Image-caption web data

● ● ●

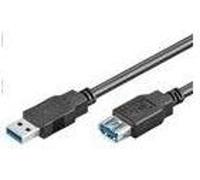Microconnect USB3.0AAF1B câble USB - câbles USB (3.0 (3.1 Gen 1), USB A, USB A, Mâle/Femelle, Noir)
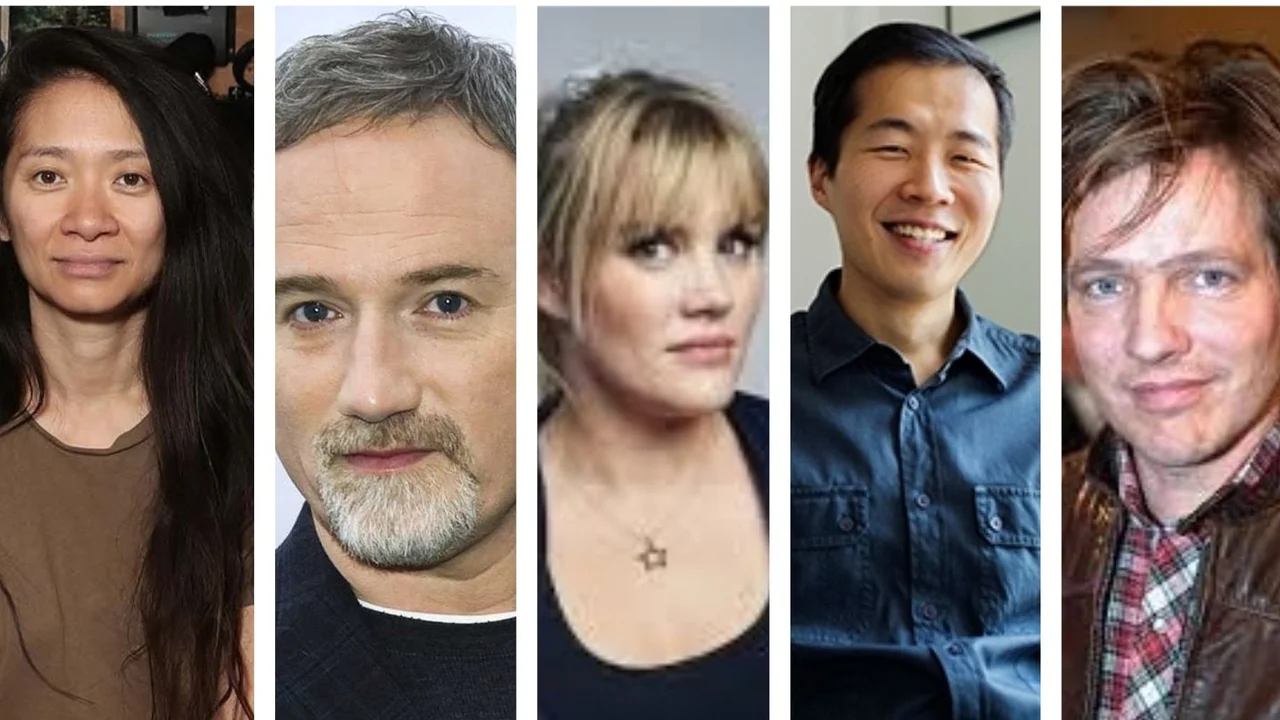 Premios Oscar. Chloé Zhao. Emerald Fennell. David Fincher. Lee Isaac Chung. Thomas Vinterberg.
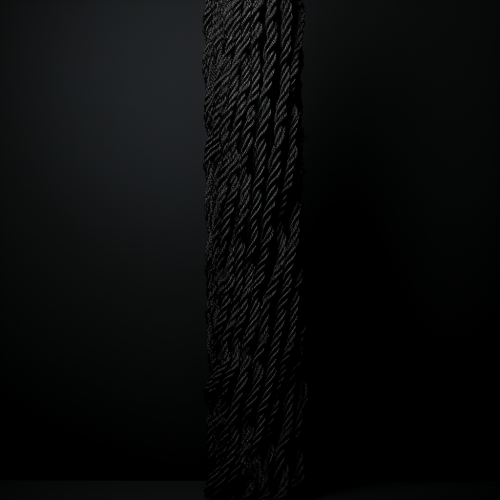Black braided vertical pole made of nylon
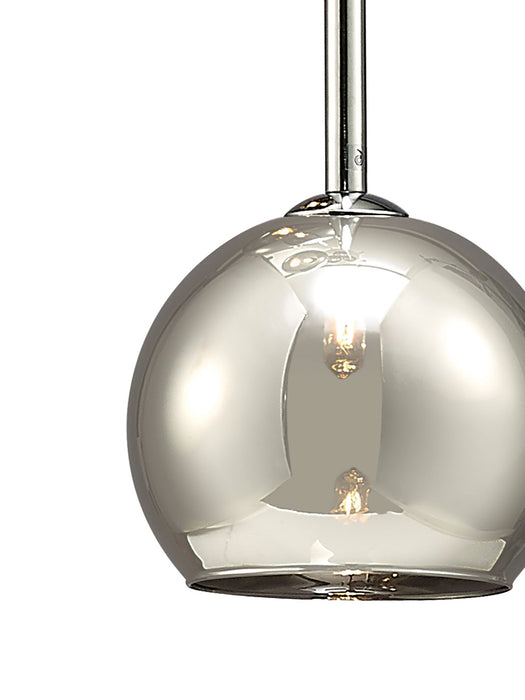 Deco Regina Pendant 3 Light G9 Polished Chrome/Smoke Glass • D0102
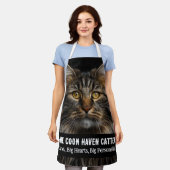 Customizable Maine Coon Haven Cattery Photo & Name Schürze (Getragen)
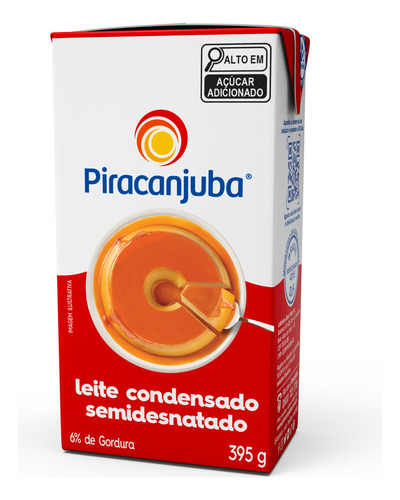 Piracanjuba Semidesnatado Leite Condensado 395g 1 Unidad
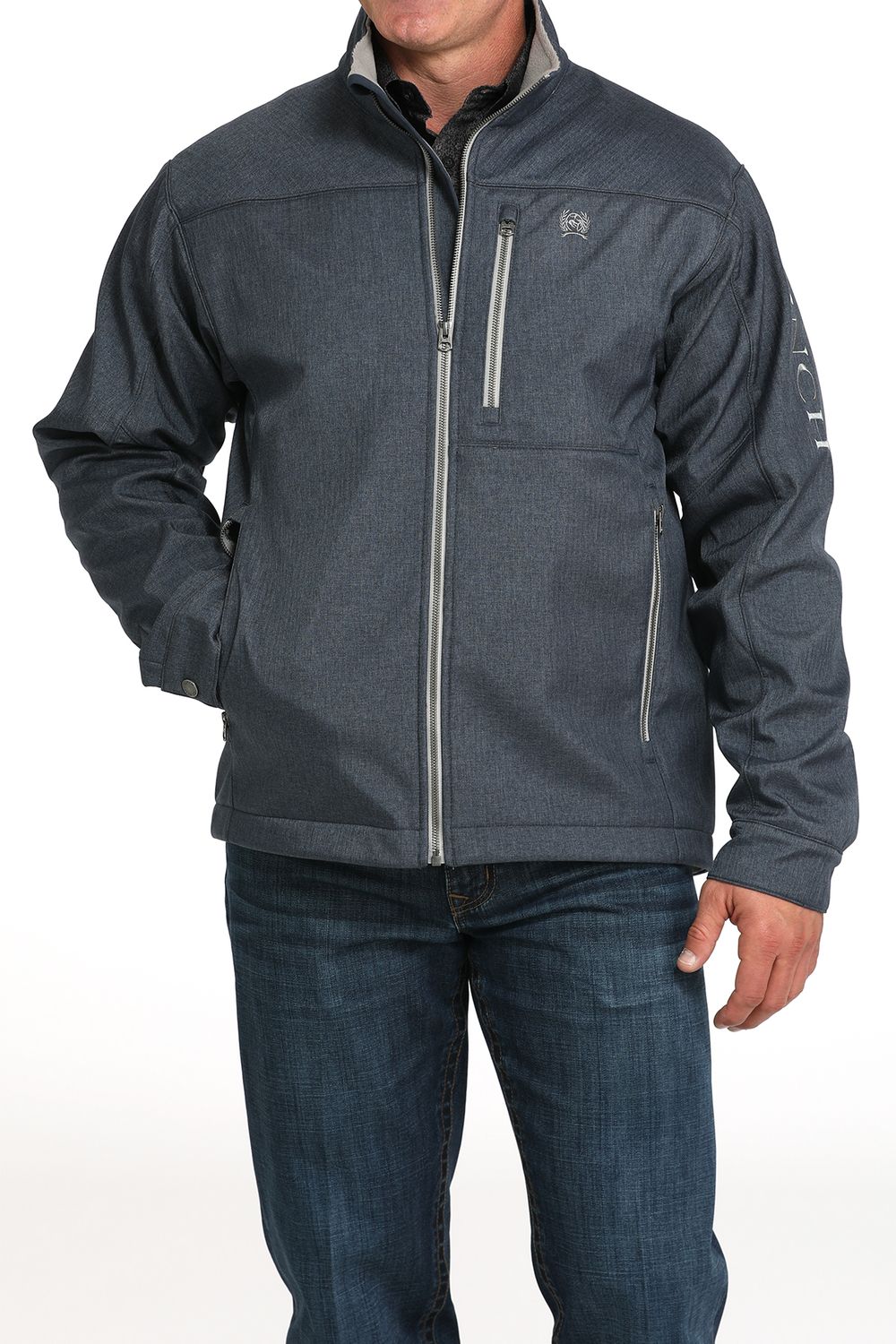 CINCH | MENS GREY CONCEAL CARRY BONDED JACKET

● ● ●

*What you are asked to do*.
If the data includes images, skip them and copy every line exactly.

*Your solution*.
Microconnect USB3.0AAF1B câble USB - câbles USB (3.0 (3.1 Gen 1), USB A, USB A, Mâle/Femelle, Noir)
 Premios Oscar. Chloé Zhao. Emerald Fennell. David Fincher. Lee Isaac Chung. Thomas Vinterberg.
Black braided vertical pole made of nylon
 Deco Regina Pendant 3 Light G9 Polished Chrome/Smoke Glass • D0102
 Customizable Maine Coon Haven Cattery Photo & Name Schürze (Getragen)
 Piracanjuba Semidesnatado Leite Condensado 395g 1 Unidad
 CINCH | MENS GREY CONCEAL CARRY BONDED JACKET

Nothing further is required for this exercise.